= Exercise prompt =
In the material below, find the line with "Satellite imagery of Loma de La Zorra, CL" and the line with "The heavyweight hoodie", then output both and every line between them exactly, omitting pictures.

= Data extract =
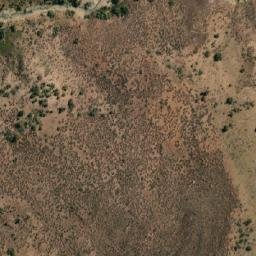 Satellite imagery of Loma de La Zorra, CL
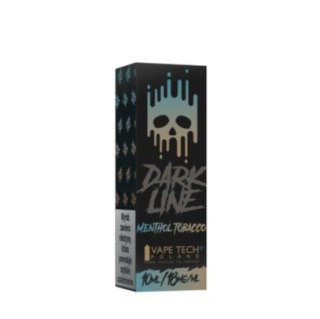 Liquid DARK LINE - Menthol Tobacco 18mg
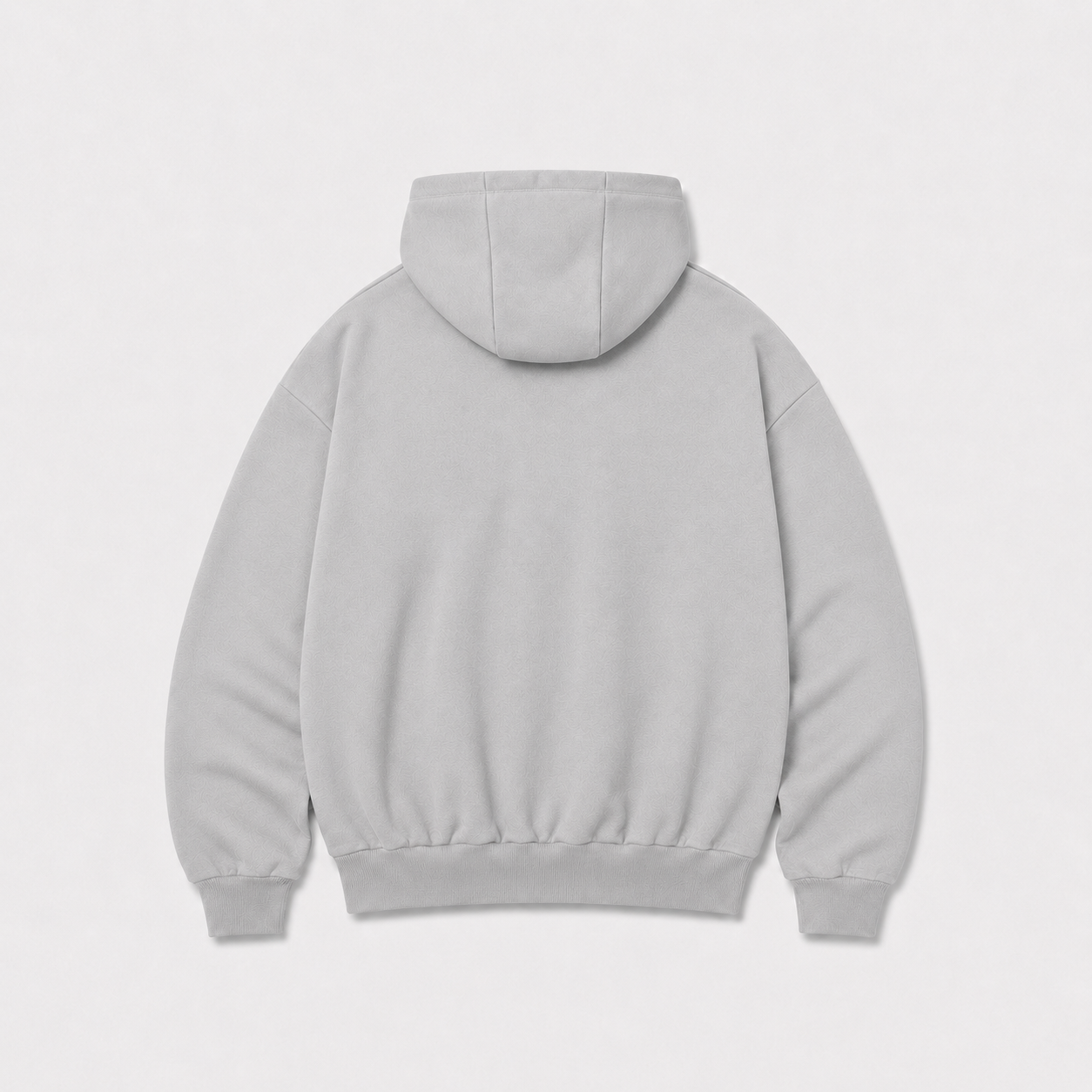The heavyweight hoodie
...
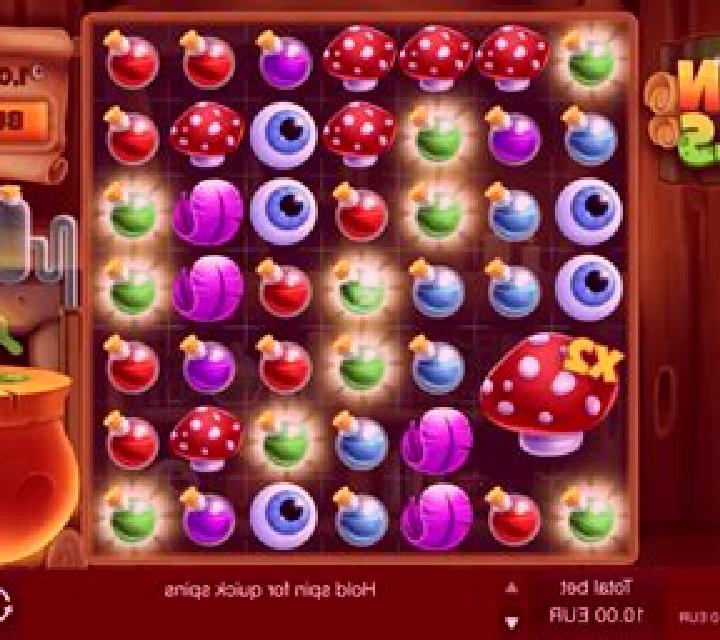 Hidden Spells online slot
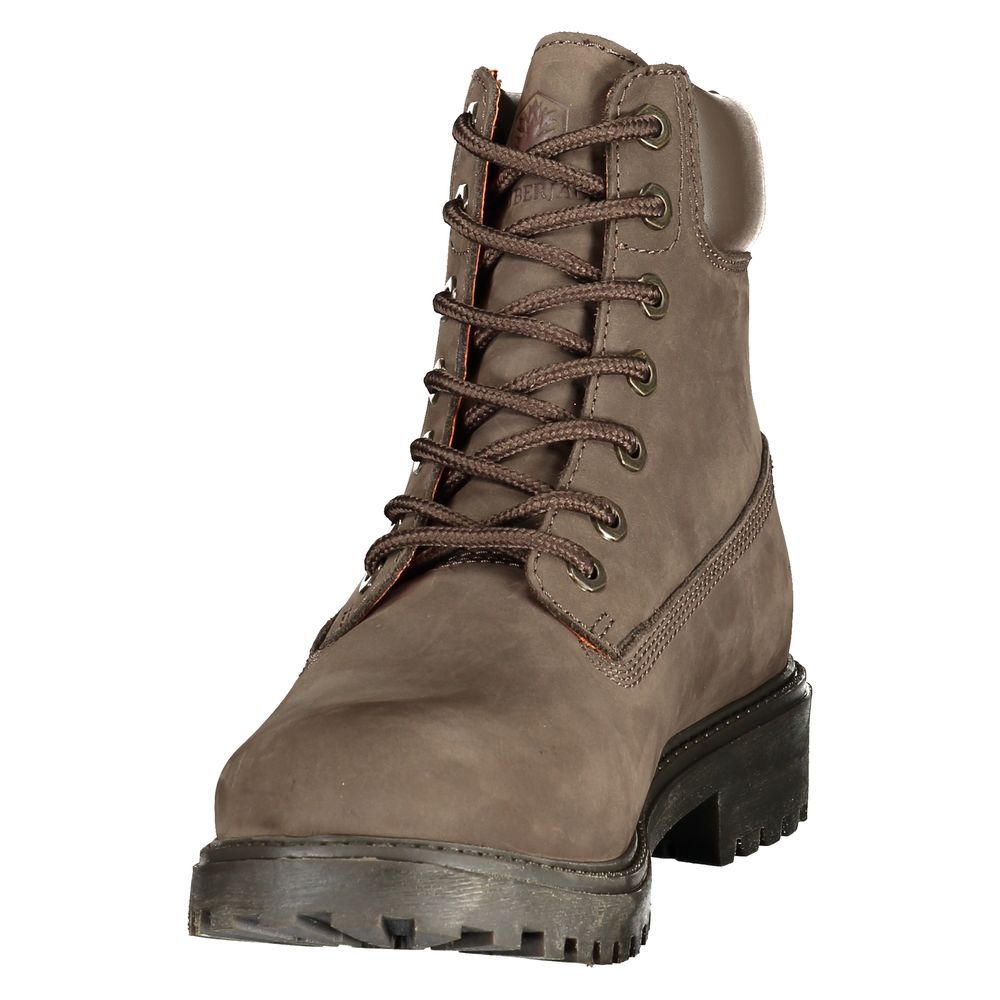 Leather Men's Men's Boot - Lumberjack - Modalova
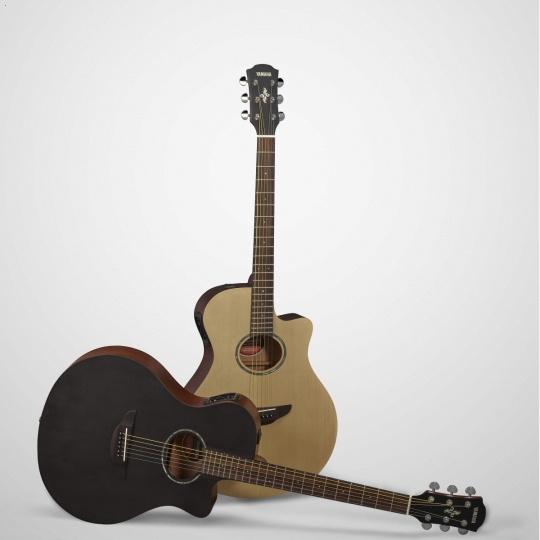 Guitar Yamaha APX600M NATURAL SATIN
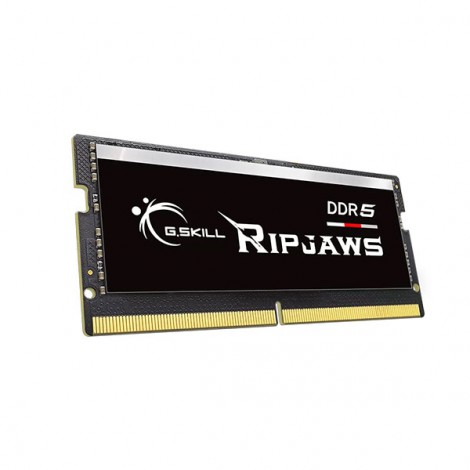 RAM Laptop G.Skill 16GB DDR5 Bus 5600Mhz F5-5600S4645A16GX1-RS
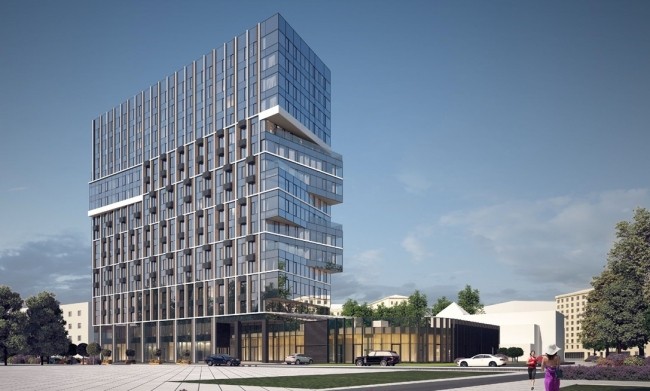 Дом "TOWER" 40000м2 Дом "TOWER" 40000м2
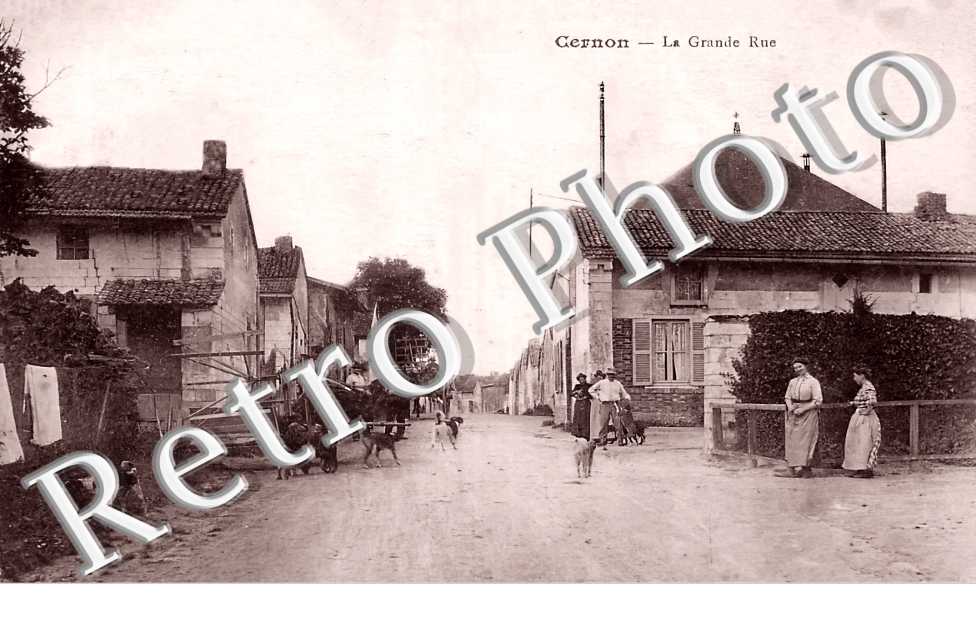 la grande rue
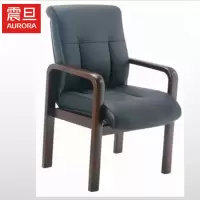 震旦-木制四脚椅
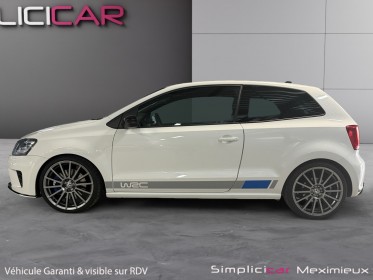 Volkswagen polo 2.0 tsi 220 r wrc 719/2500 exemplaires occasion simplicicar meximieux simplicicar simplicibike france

= Task solution =
 Satellite imagery of Loma de La Zorra, CL
 Liquid DARK LINE - Menthol Tobacco 18mg
The heavyweight hoodie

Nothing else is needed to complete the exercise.